2. As a student at Tehran University, I was active with a group of Kurdish students who were studying in different universities in Tehran. We regularly met to discuss the issues facing Kurdish minorities in Iran.
3. I was arrested for these activities and spent a year and half in prison. After I was released I was prevented from continuing my education. I remained in Iran for 13-14 months after my release from prison during which time I was threatened by the security forces due to having continued my political activities in Iran and in Tehran University. The security forces and in particular the interrogator in charge of my previous case file contacted me and threatened me that if I were to continue my activities, I would be re-arrested and detained. On top of that, many of my friends had been arrested during gatherings we held in the University but I was able to escape the security forces.

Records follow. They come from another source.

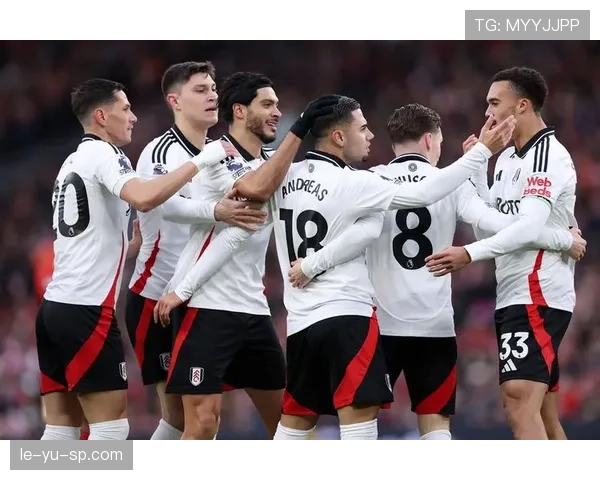 霍伊别尔状态回升，热刺英超竞争力显著提升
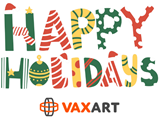 Vaxart tweet media
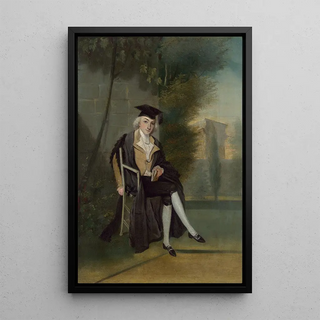 James Roberts - James Smithson.webp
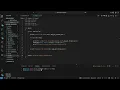 The OpenMP Single Construct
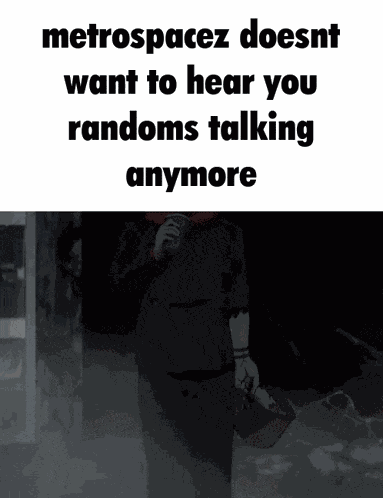 Metrospacez GIF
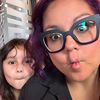 christine.yvette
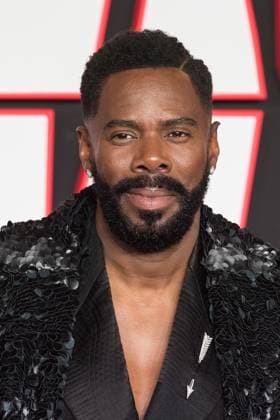 The Running Man UK Premiere in London LONDON, UNITED KINGDOM - NOVEMBER 05: Colman Domingo attends the UK premiere of The Running Man at The Odeon Luxe, Leicester Square in London, United Kingdom on November 05, 2025. Wiktor Szymanowicz Anadolu London United Kingdom. Editorial use only. Please get in touch for any other usage.  Copyright: x2025xAnadoluxWiktorxSzymanowiczx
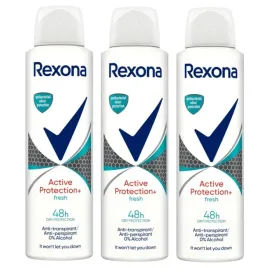 rexona-zestaw-active-protection-dezodorant-antyperspirant-damski-3x-150ml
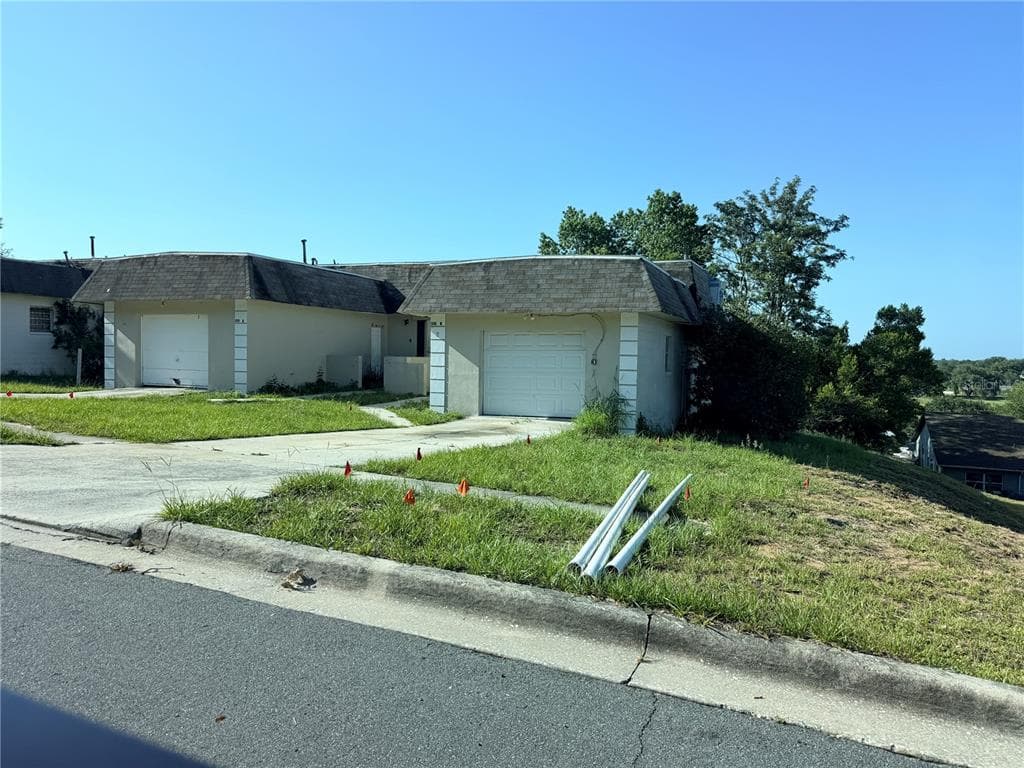 510 GREENVIEW TERRACE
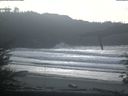 ./images/calvert/beach/20220220/beach20220220_134502.jpg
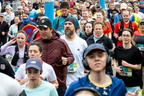 15 km 2026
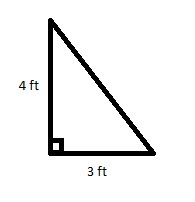 View The Pythagorean Theorem - GAMMA+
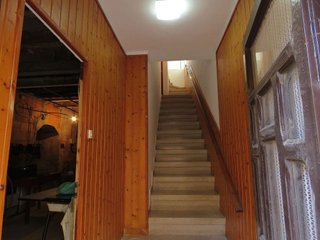 Casa en venta en Alcover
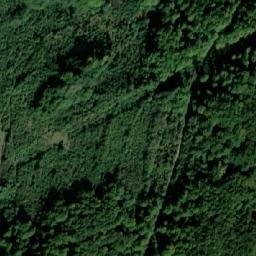 Satellite imagery of Stolac, BA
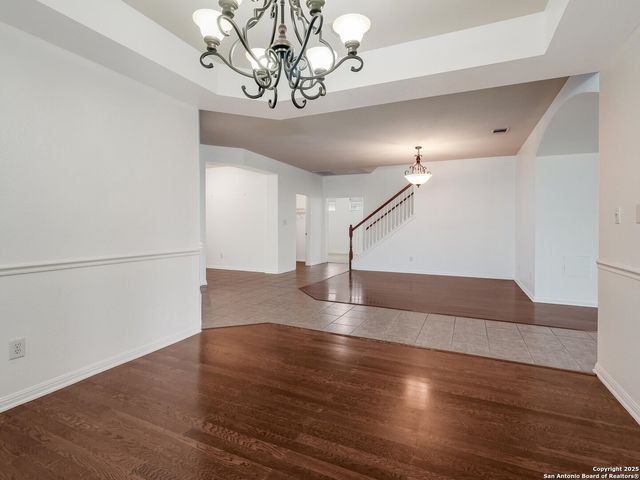 9311 Hazelton Ln, San Antonio, TX 78251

4. For these reasons I came to the conclusion that it was better to leave the country than get arrested again. On February 16, 2010 I left Iran.
5. While at University, my friends and I published a magazine called “Rujameh” that I was managing director of. We obtained the publication license for this magazine from Tehran University and its circulation was three thousand copies. We distributed it in different Kurdish cities as well.
6. The magazine was shut down for four months because the Office of Culture and Islamic Guidance of Sanandaj filed a formal complaint against the magazine. After those four months, we reopened the magazine and continued to publish.
7. Eventually, on account of my activities with the magazine and also my participation in gatherings and protests on student day—December 7—and international mother language day—February 21—and generally against the Islamic Republic of Iran’s policy of repression in Kurdistan, I was arrested on July 13, 2007 along with a friend. I spent 18 months in detention.
8. During the summer vacation of 2007, I was in Sanandaj, Kurdistan, along with my friend Hedayat Ghazali when we were approached and arrested by a group of plain clothes agents. They put us in a black Peugeot and told us they were taking us to “offer some explanations” and “answer a series of questions”—a process that took 18 months!